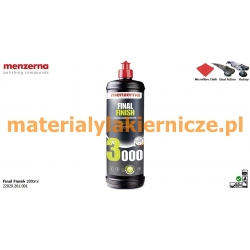 Menzerna Final Finish 1000ml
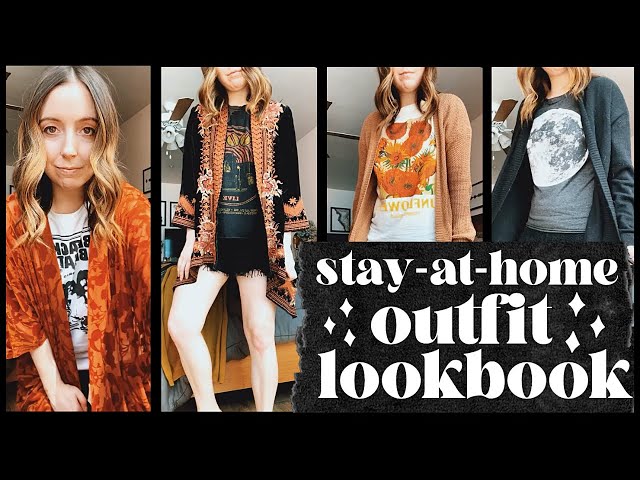 Cozy Outfit Ideas: Comfy Boho Style Ideas for Home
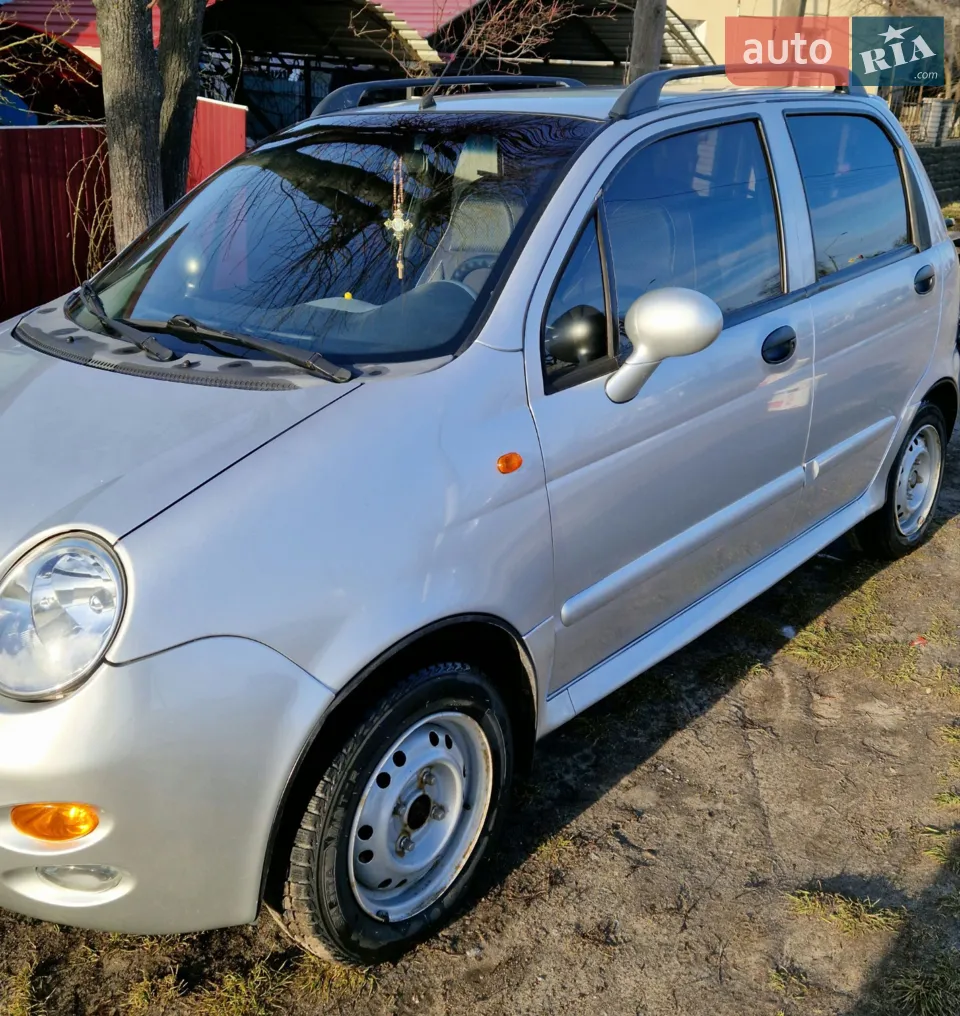 2012 Chery Sweet (QQ) - мініатюра 24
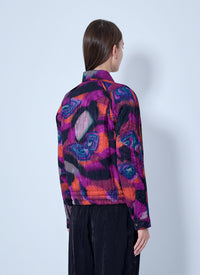 Dries Van Noten Women Button-Down Quilted Jacket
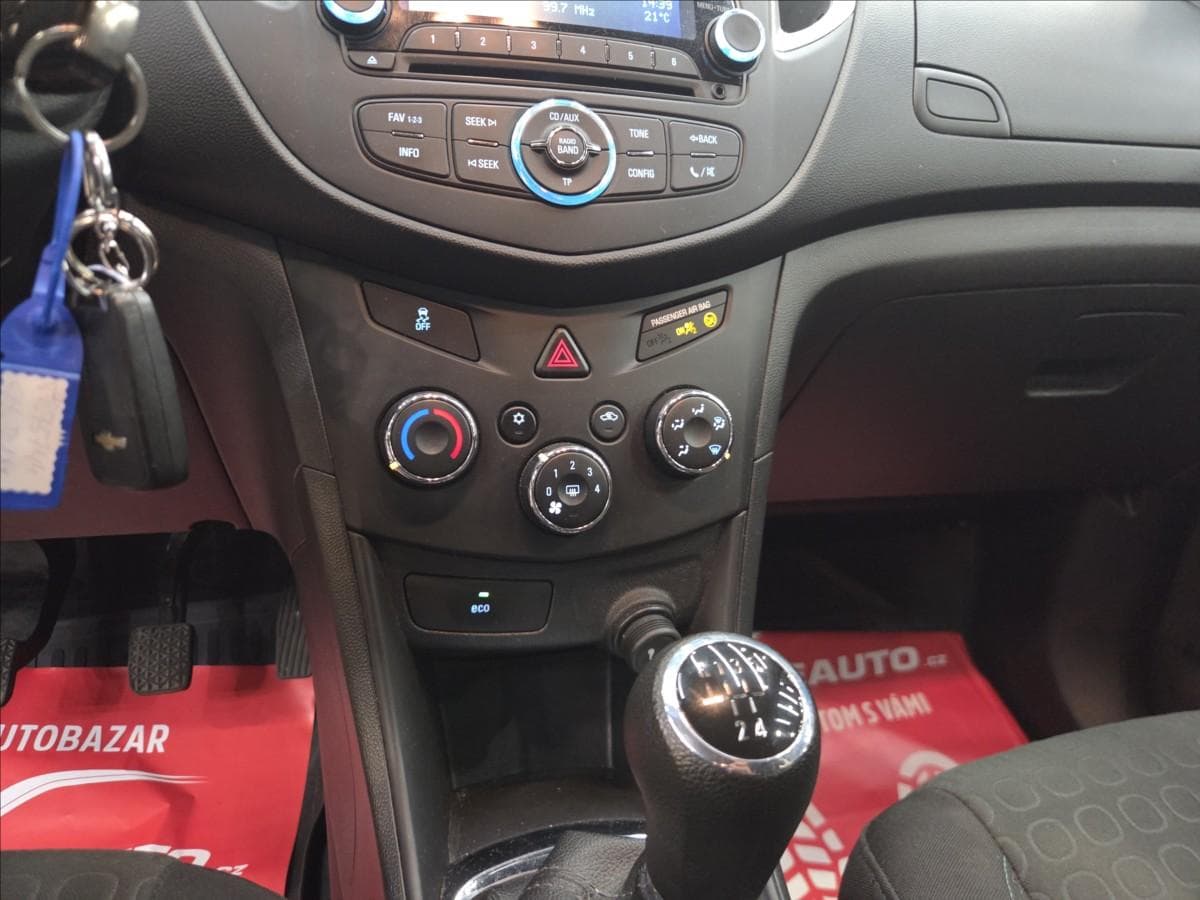 2013 Chevrolet TRAX - 10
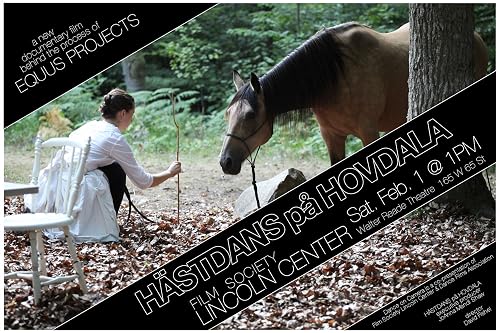 Hästdans på Hovdala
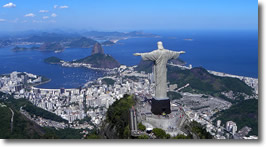 Christ the Redeemer | Rio de Janiero, Brazil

YOUR INSTRUCTIONS
When repeating the listing, keep each line exact and exclude the pictures.

RESULT
 Menzerna Final Finish 1000ml
 Cozy Outfit Ideas: Comfy Boho Style Ideas for Home
 2012 Chery Sweet (QQ) - мініатюра 24
 Dries Van Noten Women Button-Down Quilted Jacket
 2013 Chevrolet TRAX - 10
 Hästdans på Hovdala
 Christ the Redeemer | Rio de Janiero, Brazil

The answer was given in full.